La réponse aux deux questions, c'est non. Les hassidim sont à des années-lumière des juifs laïques ou peu pratiquants qui forment la majorité de la communauté juive montréalaise, mais aussi marginaux soient-ils, ils sont aussi juifs que les amish ou les Témoins de Jéhovah sont chrétiens. Loin d'être une secte contemporaine inopinément surgie d'un cerveau dérangé, comme les raéliens ou l'Ordre du Temple solaire, les hassidim sont l'une des anciennes composantes du judaïsme. Les nazis ne s'y sont pas trompés. Les hassidim, plus vulnérables parce que plus visibles, ont été parmi leurs toutes premières victimes.

 

Les hassidim, par ailleurs, ne sont pas des immigrants. Ils sont installés à Montréal et dans d'autres endroits comme Boisbriand depuis des décennies. L'extraordinaire obstination qu'ils mettent à recréer la vie telle qu'elle se déroulait dans les shtetls (villages) de l'Europe de l'Est du XVIIIe siècle les empêchera toujours de s'intégrer au reste de la société, et ils ne sont pas à la veille de disparaître, grâce à leur taux élevé de natalité et au fait que sauf exception, et par un phénomène de rétention assez peu commun, les jeunes, loin de quitter la communauté, reproduisent le mode de vie de leurs parents.
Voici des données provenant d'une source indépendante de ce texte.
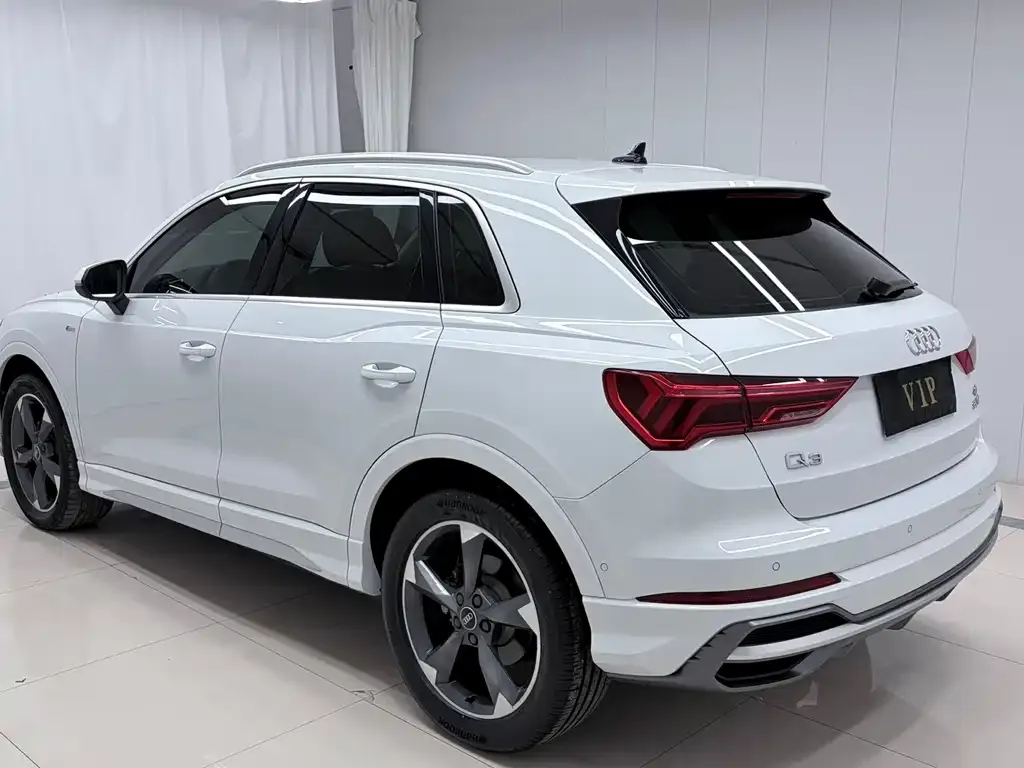 Audi Q3 — фото 2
Ne nous imaginons pas que l'apprentissage des matières de base en vigueur au Québec, un processus qui sera facilité par le changement au calendrier scolaire, va bouleverser l'ordre des choses. Les horaires allongés leur permettront de continuer à consacrer la majeure partie de leur temps aux études religieuses et aux rituels exubérants qui marquent leurs fêtes. À la rigueur, cela permettra aux jeunes hassidim de trouver du travail à l'extérieur des petites entreprises de leur communauté (les hassidim sont plutôt pauvres) et peut-être, aussi, de faciliter à ceux qui voudraient fuir la communauté d'être un peu mieux armés pour s'intégrer au vaste monde contemporain.
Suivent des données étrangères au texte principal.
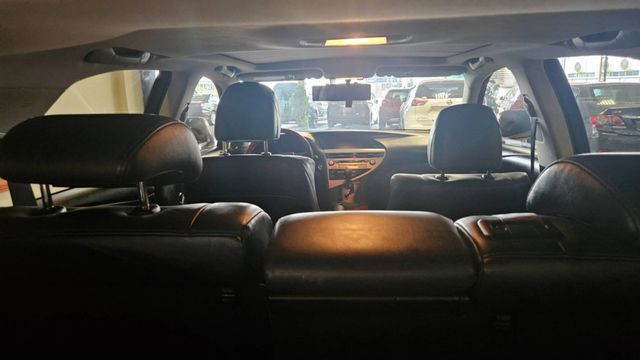 大電池剛換一年多。Lexus 旗艦質感、超大空間、車況穩定，給家人最安心的入主首選。  第13張相片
C'est une réalité avec laquelle doit vivre une société pluraliste. Il y aura toujours, en son sein, des groupes qui voudront s'en exclure. La particularité des communautés hassidiques est que, contrairement aux moines, aux amish ou aux hutterites qui vivent cloîtrés derrière des murs ou à la campagne, dans des villages isolés, les hassidim se sont implantés en ville... ce qui, bien évidemment, entraîne une foule de frictions. Il n'est pas anormal que leurs voisins soient irrités par certains de leurs comportements. À Jérusalem, ils sont l'épine au pied de leurs concitoyens. L'Israélien moyen en aurait d'ailleurs bien plus long à dire sur eux que l'Outremontois moyen, car si les hassidim de la diaspora ne font aucun prosélytisme et ne se soucient aucunement de ce qui se passe chez les «Gentils», il n'en va pas de même en Israël, où les hassidim jouent un rôle politique et essaient d'imposer leurs coutumes à une société nominalement juive, mais majoritairement fort peu dévote.

Comme me l'écrit une lectrice (qui avoue que les hassidim «lui tapent parfois sur les nerfs»), «contrairement aux islamistes, les hassidim n'ont aucune volonté d'imposer leur vision du monde et leurs lois au reste de la société. Ils ne sont pas violents. Ils ne veulent que vivre en paix dans leur coin.»

Autre chose à savoir, l'hassidisme comporte plusieurs «branches». Tout dépendant de la lignée des rabbins auxquels ils se rattachent, certaines communautés sont plus ouvertes que d'autres.